Integral from $0$ to $t$ $\int \frac{e^x}{(t-x)^{9/10}} dx$

Question

What is the integral of $$\int_{0}^{t} \frac{e^x}{(t-x)^{\frac{9}{10}}}\; dx?$$

Let $u = t-x \Rightarrow dx = -du$

$$e^t \int_{0}^{t} \frac{e^{-u}}{u^{\frac{9}{10}}}\; du$$

How to proceed?

Answer 1

From what you did we have that

$$I = e^t \int_{0}^{t} \frac{e^{-u}}{u^{\frac{9}{10}}}\mathrm du = e^t\int_0^tu^{-9/10}e^{-u}\mathrm du = e^t\int_0^tu^{1/10-1}e^{-u}\mathrm du$$

If we use the definition of a Lower Incomplete Gamma Function

$$\gamma(s,t):= \int_0^tu^{s - 1}e^{-u}\mathrm du$$

So you have that your integral $I$ is

$$I = e^t\gamma(1/10,t)$$

We can use the relation

$$\gamma(s,x) = \Gamma(s) - \Gamma(s,x)$$

Then we will have that

$$I = I(t) = e^{t}\left(\Gamma(1/10)-\Gamma(1/10,t)\right)$$

where we use the definition

$$\Gamma(s,x) := \int_x^{+\infty}u^{s-1}e^{-u}\mathrm du$$

$$\Gamma(1/10) = 9.513507698668731836\dots $$

There is another approach.
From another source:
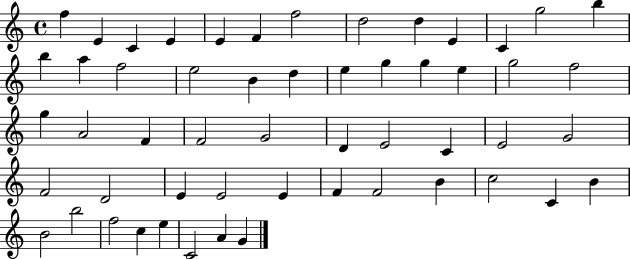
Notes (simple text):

F5/q E4/q C4/q E4/q E4/q F4/q F5/h D5/h D5/q E4/q C4/q G5/h B5/q B5/q A5/q F5/h E5/h B4/q D5/q E5/q G5/q G5/q E5/q G5/h F5/h G5/q A4/h F4/q F4/h G4/h D4/q E4/h C4/q E4/h G4/h F4/h D4/h E4/q E4/h E4/q F4/q F4/h B4/q C5/h C4/q B4/q B4/h B5/h F5/h C5/q E5/q C4/h A4/q G4/q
We say as before that $I(t) = e^t\gamma(1/10,t)$ and we can use that, for $a,x \in \mathbb{R}$ and $a>0,x>0$ we have

$$\gamma(a,x) = x^a\sum_0^{+\infty}\frac{(-1)^nx^n}{n!(a+n)}$$

Which gives you a series representation for your function of $t$. The proof that this series can be used is in here, what the link says is that this series can be created by termwise integration of

$$t^{a-1}e^{-t} = \sum_{0}^{+\infty}\frac{(-1)^n}{n!}t^{a+n-1}$$

And termwise integration is justified by uniform convergence of the power series for $e^{-t}$ on bounded intervals.